▶ _SUPPLIED DATA_:

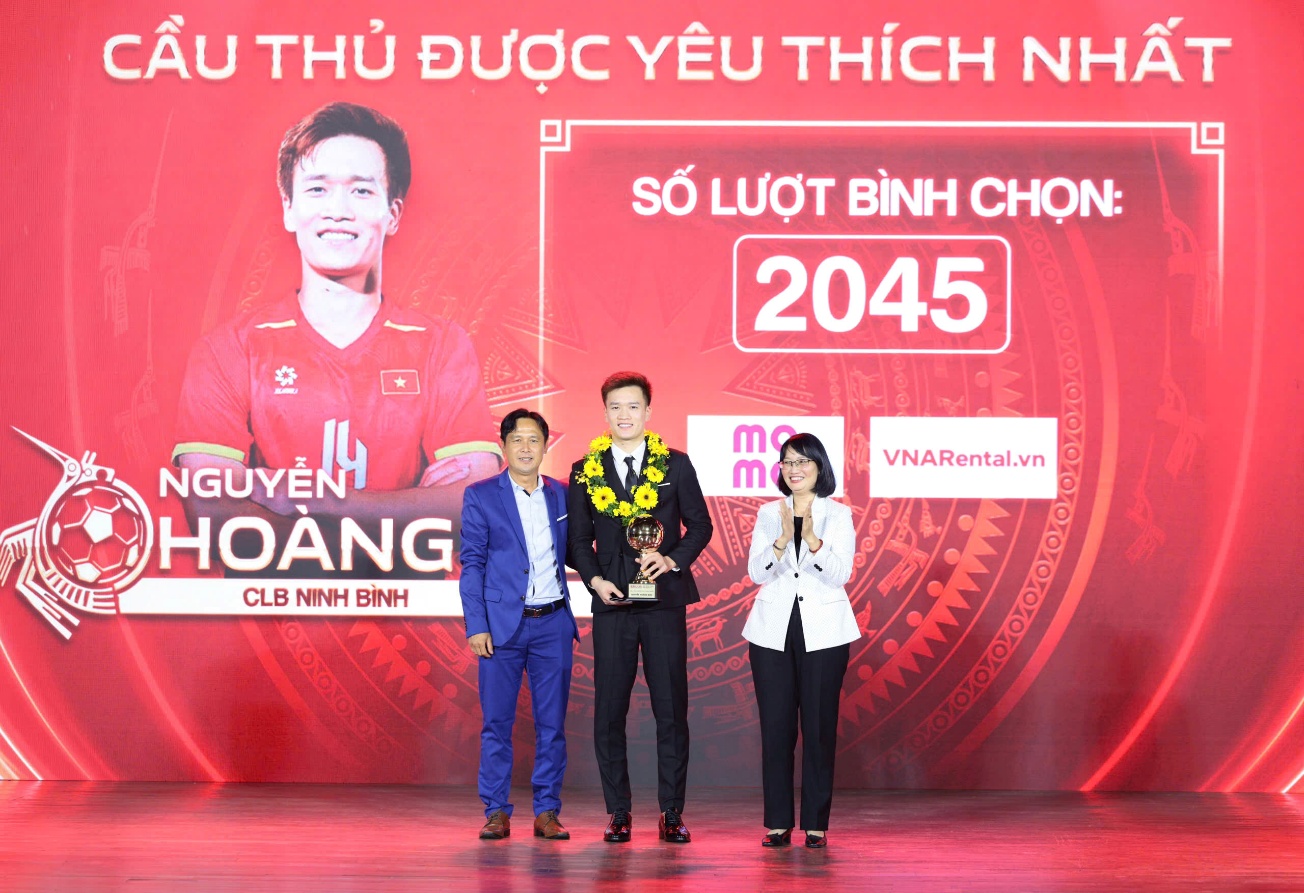 Đại sứ Thương hiệu LPBank Hoàng Đức nhận giải Cầu thủ được yêu thích nhất 2025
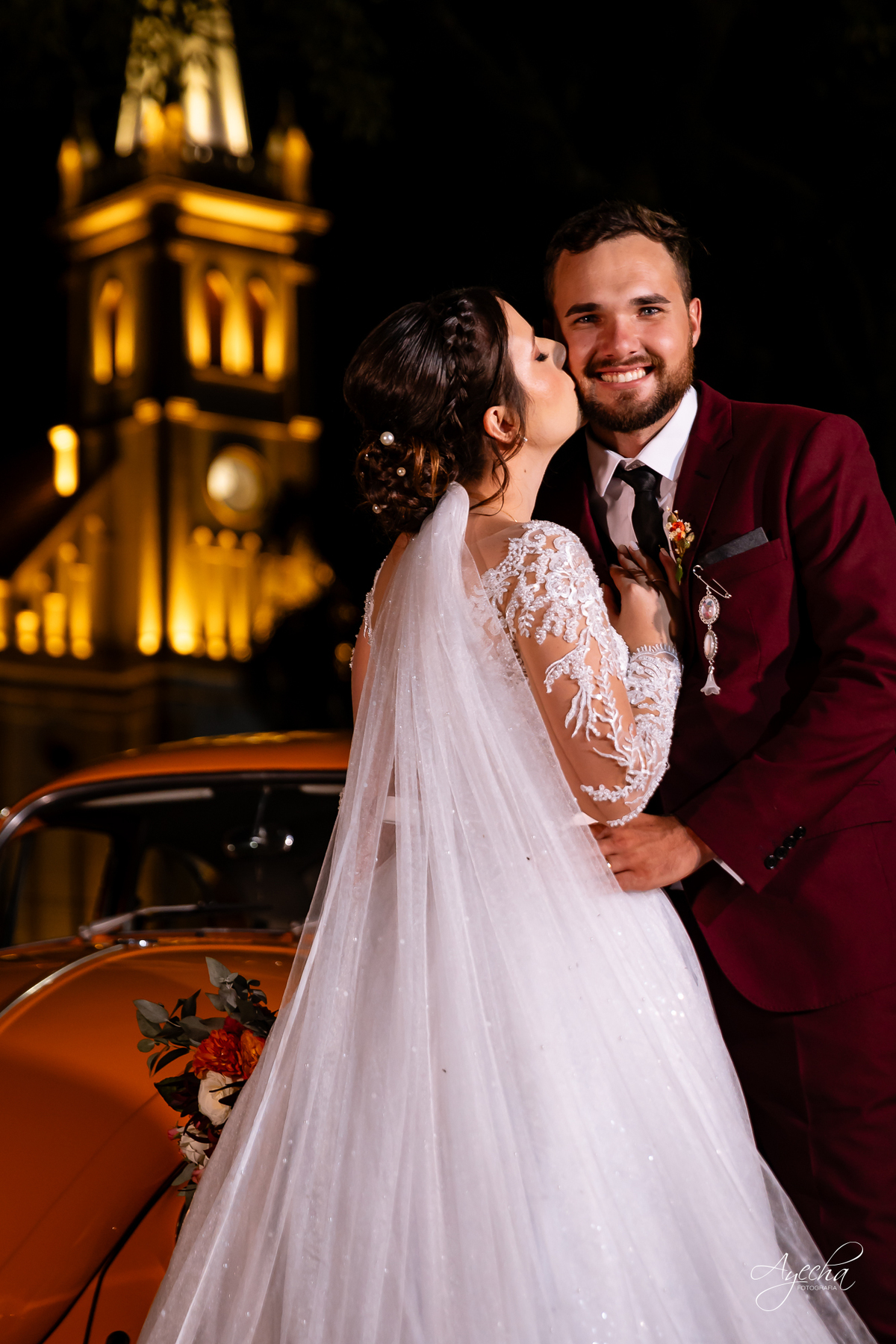 Orleans, Paróquia  Santo Antonio Orleans; Making of noivo; Fusca; Noivos com Fusca; Carro dos Noivos; Making of da noiva, Melissa Campano; Emerson Correa; Deborah Ayecha; Fotografo de Casamento Curitiba; Fotos Casamento Orleans; 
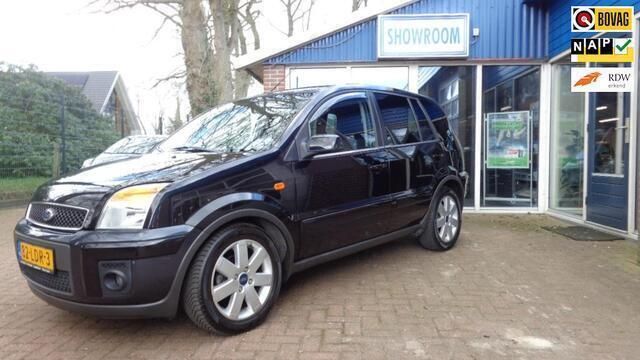Zwart Gebruikt 2010 Ford Fusion Futura MPV | € 4.950 (Duur) - Afbeelding 1/4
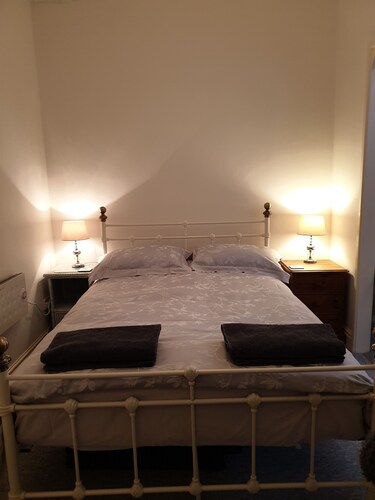 Wells-next-the-Sea. Quiet accommodation close to the Harbour and shops.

▶ _TASK REQUIREMENTS_: Of the lines above, copy only those from the one holding "Fotos Casamento Orleans;" to the one holding "Zwart Gebruikt 2010", both included, and exclude every image.

▶ _ANSWER AREA_:
 Orleans, Paróquia  Santo Antonio Orleans; Making of noivo; Fusca; Noivos com Fusca; Carro dos Noivos; Making of da noiva, Melissa Campano; Emerson Correa; Deborah Ayecha; Fotografo de Casamento Curitiba; Fotos Casamento Orleans; 
Zwart Gebruikt 2010 Ford Fusion Futura MPV | € 4.950 (Duur) - Afbeelding 1/4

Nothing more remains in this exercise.